配達員さん(ハンサムおじさん)の指導を離れ、地図片手に1人で配達するようになるとまず大変だったのがカブのスタミナの無さ。
急な勾配の坂を上っている途中で、そのあまりな傾斜に途中でカブが動かなくなってしまうのです。
ちなみに正規の配達員が乗っている赤白のカブではなく、普通のカブ。
これの荷台に郵便物を積んで坂を上ると、もう全然動きません。
そういう時はもう……原始的に! アスファルトの地面を情熱的に足で蹴りながら! 気合いで! 坂のてっぺんまでいってから、ようやく配達がスタートします。
この時点でけっこうゼイゼイいってます。
配達するにあたってまず言われるのは、
・郵便物を捨てないこと
(ニュースで聞いたことがあるかもしれませんが、たまに捨てて無かったことにしようとする人がいるらしい)
・配りきれないうちに日が暮れたら帰ってくること
(田舎なので街灯が無いところもたくさんあり視界が闇に包まれ危険)
そして
・犬に噛まれないように
です。
犬、いましたよ。私の配達先にも。
めちゃくちゃ稼働域が広いリードにつながれている犬が。
郵便受けにもがっちり届く、長い長いリードの先のドッグ。
私が近づくと「ワンワワワワンワンワワワワンワンンウオッウオッワオッ!!!!!!!! グォルルルルル」って吠える元気な子が。
カブに乗ったままで郵便受けに手が届く場合は乗ったままで、そうでない場合は降りてから郵便受けまでダッシュするのですが、幸いにもこの家の郵便受けは乗ったままでいけるタイプでした。
「この犬に近づいたらヤバい」と直感したので、カブに乗ったままエンジンを切り、下り坂を利用しグイーンと犬に向かって直進。
この時、スピード自体は全然出ていないのですが気迫で「轢くぞウラァアアアアー!!」と目でアピールし、犬をびびらせるのがポイントです。
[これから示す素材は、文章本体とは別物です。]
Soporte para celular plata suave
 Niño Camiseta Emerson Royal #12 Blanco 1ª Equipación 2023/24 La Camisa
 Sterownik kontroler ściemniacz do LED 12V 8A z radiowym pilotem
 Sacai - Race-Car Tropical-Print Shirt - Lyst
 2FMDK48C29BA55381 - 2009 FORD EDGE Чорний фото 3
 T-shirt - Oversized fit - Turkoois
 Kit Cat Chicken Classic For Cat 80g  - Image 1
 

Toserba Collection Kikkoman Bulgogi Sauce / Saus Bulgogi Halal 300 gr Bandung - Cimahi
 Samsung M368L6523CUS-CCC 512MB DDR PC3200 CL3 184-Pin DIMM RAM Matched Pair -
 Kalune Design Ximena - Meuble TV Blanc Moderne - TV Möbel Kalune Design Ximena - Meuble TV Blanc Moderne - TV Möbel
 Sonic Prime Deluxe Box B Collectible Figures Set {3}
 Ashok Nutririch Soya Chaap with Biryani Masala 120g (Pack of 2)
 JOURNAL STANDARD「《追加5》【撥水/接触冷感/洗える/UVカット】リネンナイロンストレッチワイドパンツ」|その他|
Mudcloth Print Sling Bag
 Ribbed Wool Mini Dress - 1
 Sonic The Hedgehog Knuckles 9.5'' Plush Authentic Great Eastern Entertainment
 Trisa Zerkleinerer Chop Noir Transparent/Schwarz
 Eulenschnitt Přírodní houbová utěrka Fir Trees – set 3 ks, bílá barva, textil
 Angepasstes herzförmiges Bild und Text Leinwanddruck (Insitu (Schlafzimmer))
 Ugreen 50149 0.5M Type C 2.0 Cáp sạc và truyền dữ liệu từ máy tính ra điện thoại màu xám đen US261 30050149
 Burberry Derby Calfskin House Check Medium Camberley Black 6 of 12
犬が一瞬ひるんだ隙に郵便受けに軽やかに郵便物を滑り込ませ、任務完了となります。
この犬との駆け引き、バイトが終わるまで続きました。
ワンコをお庭で飼ってる人は、郵便受けに届かないところでよろしくね!
あれマジで怖いからね! 年に何人かは配達員が噛まれてるらしいからね!
単独での配達初日は、「女の子が配ってるの珍しいね〜」と声をかけられることもありました。
その中でも印象的だったのが「南こうせつおばさん」です。
私を見かけると「おまんじゅう食べる? お茶もあるよ!」とサッとお菓子を差し出してくれて、とてもありがたかったです。
ただバイト中なので、立ち止まるわけにもいかず「じゃあいただきます!スミマセン」ともぐもぐしたまま立ち去ろうとすると、おばさんが額に入った大きな写真を私に見せてきました。
そこにいたのは、目の前にいるおばさんよりももうちょっと若いおばさんと、南こうせつのツーショット。
「これ、もう昔なんだけどね〜♪ ウフフ! 一緒に撮ったの♪」
なんとも嬉しそうなおばさん。
「有名人と一緒じゃないッスかー! すごいですねー!」
……このやりとりがしたかったのか!(笑)
この日の配達が終了した後、担当のハンサムおじさん配達員に「今日、××さんちのおばさんに南こうせつとのツーショット見せられましたよ」と伝えると「ああ、俺もそれあるよ。あの区域の担当になったことある人、全員見せられてると思う」。
よほどの南こうせつ好きなのか、有名人とのツーショットがよほど嬉しかったのか。
南こうせつおばさん、今でもあの写真を大事に大事にしているのだろうか。
別府のさらに山のほうの、田舎の中の田舎。
そんな場所に南こうせつさんの写真がとてつもない輝きを放ちながら(きっと今も)存在しています。